Poland’s initial policies and Ukrainian reactions
At the close of World War I, Poland signed international treaties respecting equality for its national minorities and entered guarantees for them into its 1921 constitution. Such agreements might have been acceptable to a group that had developed a perception that they were a national minority. Ukrainians in eastern Galicia, however, had virtually reached a stage of equality with Poles under Austrian rule during the first decades of the twentieth century. Then, when the Habsburg Empire fell, they had created and fought for an independent western Ukrainian state (1918-1919). Even the victorious Allied Powers themselves initially (at least officially, until 1923) held to the possibility of some kind of self-rule for the Ukrainians in eastern Galicia.

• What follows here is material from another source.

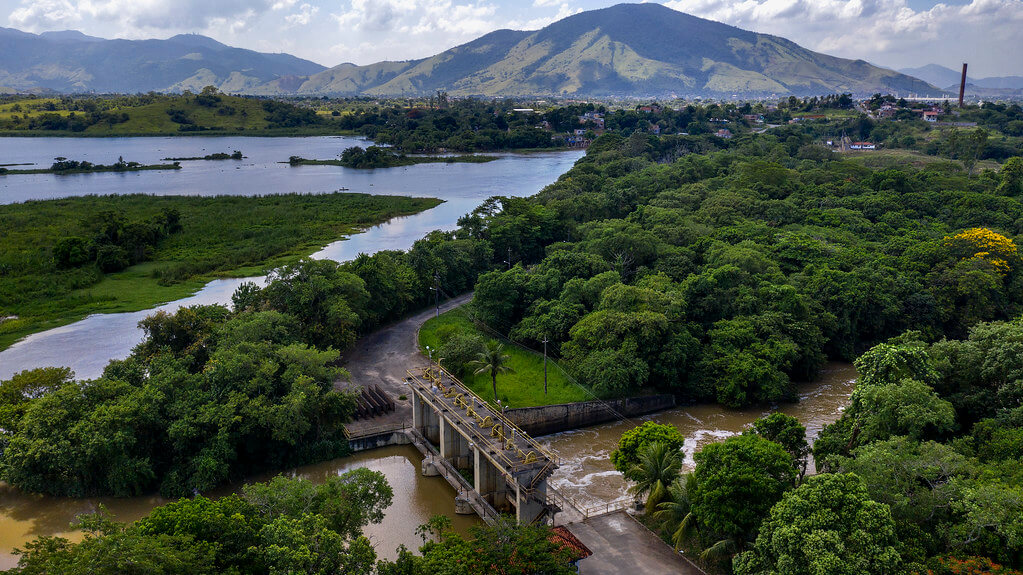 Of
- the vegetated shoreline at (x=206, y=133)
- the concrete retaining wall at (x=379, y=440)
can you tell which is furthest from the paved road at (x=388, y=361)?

In this environment, the Ukrainians of Poland, most especially those of Galicia, were not about to accept the status of a national minority in what they considered their own homeland. That would be tantamount to turning back the historical clock. And that is exactly what Poland tried to do.It is true that some Polish leaders, including the country’s legendary national liberator Marshal Jozef Pilsudski, at times considered the possibility of recreating a tripartite federated Polish state as a variant of the pre-partition Polish-Lithuanian Commonwealth, which until the eighteenth century had united under one sceptre Poles, Lithuanians, and Ukrainians. Visions based on past models would, of course, require that Poland’s boundaries reach at least as far as Kiev and take in Belarus and Lithuania as well. But the inconclusive results of the Polish-Soviet war in 1919-1920 and the creation of the Belorussian and Ukrainian Soviet republics shattered any prospect of a revival of the old Commonwealth on a tripartite federative basis. Moreover, Poland was restricted to smaller frontiers and Pilsudski’s expansive federative approach with its tolerance toward national minorities was discredited. It turned out that the most influential political force in the new postwar state was the National Democratic movement, or the Endeks (Polish: Endecja), headed by the increasingly extremist nationalist leader Roman Dmowski. He and the interwar political parties that the Endeks supported promoted the idea of a unitary nation-state in which peoples other than Poles - including Lithuanians, Belarusans, and Ukrainians in the country’s eastern borderlands (kresy) - should be assimilated into the Polish nationality.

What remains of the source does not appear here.